I don't question your statement about your experience with analog, but I will "claim" that you can realize/experience unheard detail from improvements from CD playback hardware upgrades. Having invested in better standalone transports & DACs, as well as a standalone player such as the Neodio Origine S2, along with better associated cabling the improvements are quite noticeable. Likewise, folks who stream and have invested in related equipment and the time to understand how to maximize the implementation have realized the same. Degrees of improvement in any of this depend upon any number of variables, but no format is left out of the ability to realize them.
21 minutes after I posted, pretty quick.
I didn’t say you couldn’t get improvement in CD player performance by upgrading cables, getting a DAC with less jitter, putting green marker colour around the edge of your CD’s and placing magic rocks on top of your components (all of these have all been enthusiastically advocated). I also agree that upgrades in DACs have allowed digital music to be recorded without the brick-wall filters needed in the early days to prevent ultra-high distortion associated with the medium back then, and may now actually give some of the psychoacoustic experience that analogue gives, but I do not agree that you can recover data with more expensive CD players that other modern CD players can’t.

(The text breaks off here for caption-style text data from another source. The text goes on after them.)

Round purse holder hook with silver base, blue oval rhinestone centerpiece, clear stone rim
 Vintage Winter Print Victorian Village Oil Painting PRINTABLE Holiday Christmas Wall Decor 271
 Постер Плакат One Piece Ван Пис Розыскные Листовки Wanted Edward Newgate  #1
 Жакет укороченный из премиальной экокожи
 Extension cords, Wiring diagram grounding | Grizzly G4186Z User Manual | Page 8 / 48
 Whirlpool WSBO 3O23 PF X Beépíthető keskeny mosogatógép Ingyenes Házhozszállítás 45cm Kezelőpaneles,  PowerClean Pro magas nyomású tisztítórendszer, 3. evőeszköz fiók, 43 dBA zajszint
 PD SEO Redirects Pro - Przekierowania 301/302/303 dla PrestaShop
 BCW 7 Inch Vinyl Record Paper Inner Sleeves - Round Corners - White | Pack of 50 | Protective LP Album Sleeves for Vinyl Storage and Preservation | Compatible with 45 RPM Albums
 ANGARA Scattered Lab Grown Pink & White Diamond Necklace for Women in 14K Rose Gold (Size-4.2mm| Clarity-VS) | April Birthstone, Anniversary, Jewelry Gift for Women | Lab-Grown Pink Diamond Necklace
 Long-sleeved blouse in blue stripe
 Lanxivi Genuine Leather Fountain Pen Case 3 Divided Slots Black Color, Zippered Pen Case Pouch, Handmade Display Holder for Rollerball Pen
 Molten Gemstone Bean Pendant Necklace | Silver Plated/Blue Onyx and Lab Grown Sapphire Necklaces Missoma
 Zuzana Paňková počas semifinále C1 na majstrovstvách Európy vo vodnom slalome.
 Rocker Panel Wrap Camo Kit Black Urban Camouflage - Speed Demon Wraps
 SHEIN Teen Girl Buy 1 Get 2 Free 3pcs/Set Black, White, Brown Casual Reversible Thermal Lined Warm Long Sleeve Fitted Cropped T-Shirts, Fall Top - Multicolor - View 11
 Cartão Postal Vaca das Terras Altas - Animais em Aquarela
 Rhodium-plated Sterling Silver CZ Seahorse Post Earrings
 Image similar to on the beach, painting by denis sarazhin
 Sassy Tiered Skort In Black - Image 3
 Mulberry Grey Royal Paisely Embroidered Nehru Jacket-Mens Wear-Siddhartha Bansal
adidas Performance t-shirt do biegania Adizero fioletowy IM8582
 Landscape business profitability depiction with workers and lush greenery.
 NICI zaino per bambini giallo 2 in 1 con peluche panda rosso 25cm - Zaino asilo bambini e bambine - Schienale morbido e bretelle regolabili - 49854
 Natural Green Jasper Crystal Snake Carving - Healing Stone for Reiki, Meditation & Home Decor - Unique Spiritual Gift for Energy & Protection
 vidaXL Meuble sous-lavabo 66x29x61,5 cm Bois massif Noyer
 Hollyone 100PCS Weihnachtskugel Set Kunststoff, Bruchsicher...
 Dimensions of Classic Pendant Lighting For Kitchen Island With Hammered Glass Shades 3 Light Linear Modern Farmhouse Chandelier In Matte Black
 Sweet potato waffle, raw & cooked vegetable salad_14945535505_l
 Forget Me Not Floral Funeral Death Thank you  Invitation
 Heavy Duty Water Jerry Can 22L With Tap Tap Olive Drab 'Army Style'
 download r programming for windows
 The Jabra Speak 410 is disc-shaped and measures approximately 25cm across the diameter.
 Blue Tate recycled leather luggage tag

When recording while an orchestra is in full bloom, there are literally billions of different tones, fundamental and harmonics, at different volumes, reaching the microphones at once. With D2D recordings that conglomerate of waves are being planted into the grooves in-total as fast as the physical limits of the cutting needle driven by electricity, traveling at the speed of light, will allow.
With CD, 16-bits (off and on switches) have a total of 64,560 different values. Do you believe that enough to capture all those billions of sounds reaching the microphone? If so, why did the industry upgrade to 20-bit bytes?
The analogue D2D is recording nearly everything continuously as presented to the mike, whereas with CD, what the limited 16-bit bytes can capture is recorded, not continuously, but in freeze-frame snapshots at 44.1 thousand bytes/second. Quick enough to give the illusion of continuous, but isn’t.
Some improvements in analogue equipment (pickups, linear tracking tonearms, different diamond shapes riding at different depths in the grooves) do not just improve the sound quality of playback, but often times can pull information from the grooves of old records that was never heard before from the same LP’s when played on good, but lesser systems. All the information in a CD is available to all CD players. Although one can improve the sound coming from one’s CD’s, you can’t squeeze blood from a turnip.